Russia is seeking to replace aircraft with drones, creating air superiority and depleting Ukraine’s air defenses, using aerial dummy targets, among other means. If they are sufficiently drained, Russia will be able to use its large fleet of planes and bombers in the skies over Kyiv, causing even more destruction, Rud added.
According to the expert, the situation may become significantly more complicated if drones start flying at an altitude of 2-3 kilometers (nearly 1 mile) because then most of the cheaper means of shooting them down will no longer be effective. Intercepting them with more expensive and sophisticated air defenses like the U.S.-produced Patriot missiles, which cost several million dollars each, will not be a sustainable option.
Rud also assumed that the Russian military is working to make drones less dependent on GPS signals and able to navigate the territory of Ukraine without them.
“The Russians will accumulate drones. What will they do next?
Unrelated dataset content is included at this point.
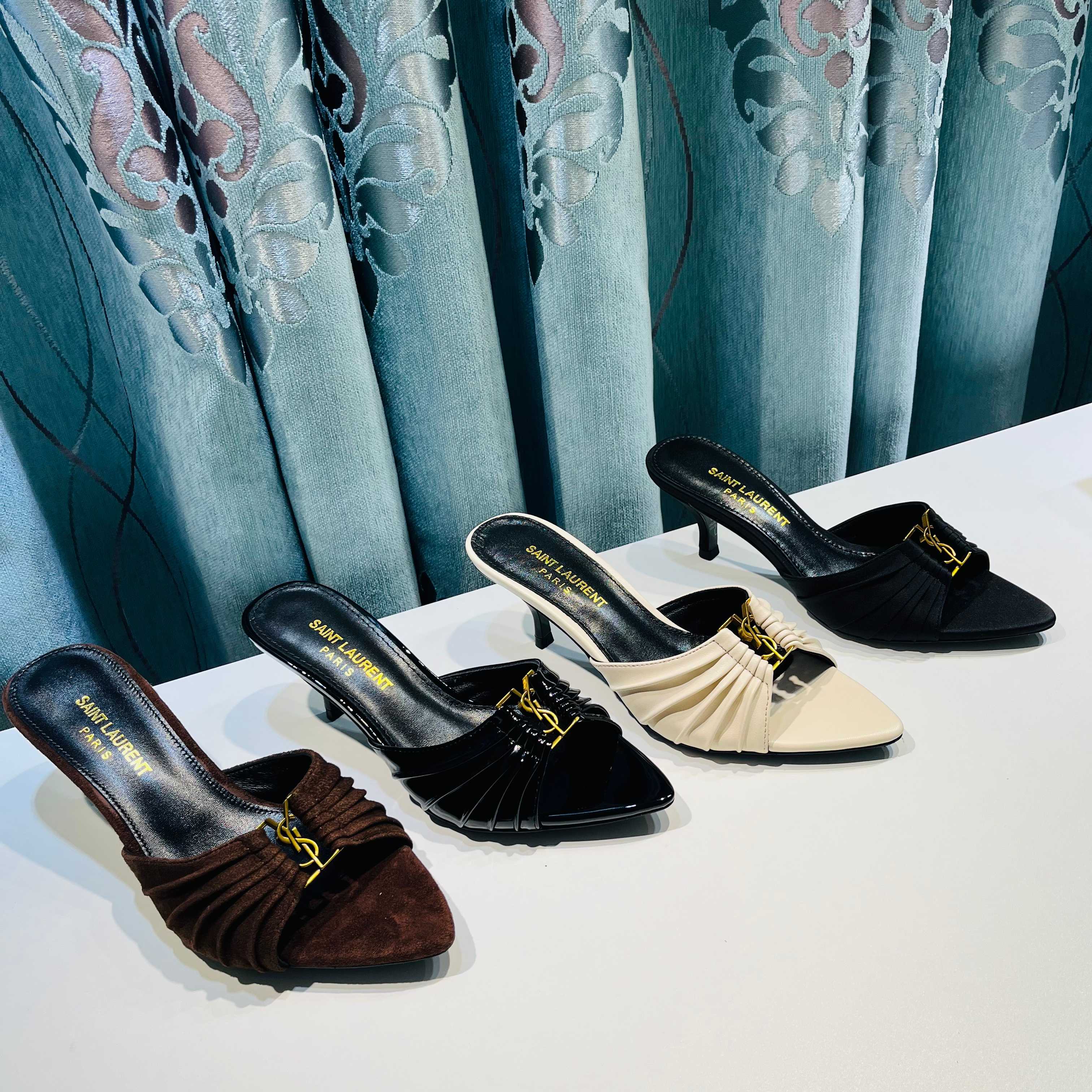 NO:867136,[Saint Laurent] YSL letter buckle pointed toe high-heeled/low-heeled slippers. Upper waxed sheepskin/patent leather/sheepskin/real silk, lining water-dyed sheepskin, outsole Italian leather outsole, heel height 6cm, Size35-39 (40.41.42 custom-made, non-refundable), high heels, saint laurent, saint laurent, saint laurent, high heels, slippers, sheepskin, real  silk,leather soles19860909【Saint Laurent 圣罗兰】YSL字母扣尖头高跟/矮跟拖鞋. 鞋面油蜡羊皮/漆皮/羊皮/真丝 内里垫脚水染羊皮 大底意大利真皮大底 跟高6cm Size35-39（40.41.42定做不退换）,高跟鞋,saint laurent,saint laurent,saint laurent,high heels,slippers,sheepskin,real silk,Leather soles,Women's Shoes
They will launch not 100 drones, but, for example, 500 or 1,000,” the expert said.
“And then out of this number, 20 or 30 will fly to Kyiv instead of 2-3 per night.”
It’s not entirely clear what Ukraine could do immediately to counter these increasing waves of drone attacks until it gets more air defense systems from Western allies.
Mykhailo Fedorov, Ukraine’s deputy prime minister in charge of innovation and digitization, pointed to efforts underway to improve “situational awareness in the sky, of the enemy’s drones, of our drones, and how to react.”
Answering a question from the audience about the drone attacks hitting the capital during the Kyiv International Economic Forum held in the capital on Nov. 7, he described “a system of rapid reaction, which allows analyzing in real-time and seeing what needs to be improved.”
Petro, who witnessed the drone attacks in recent weeks firsthand from the 9th floor of his apartment in downtown Kyiv, said that “we can observe they (Russians) are now producing them in masses.”
“We absolutely need more air defenses.”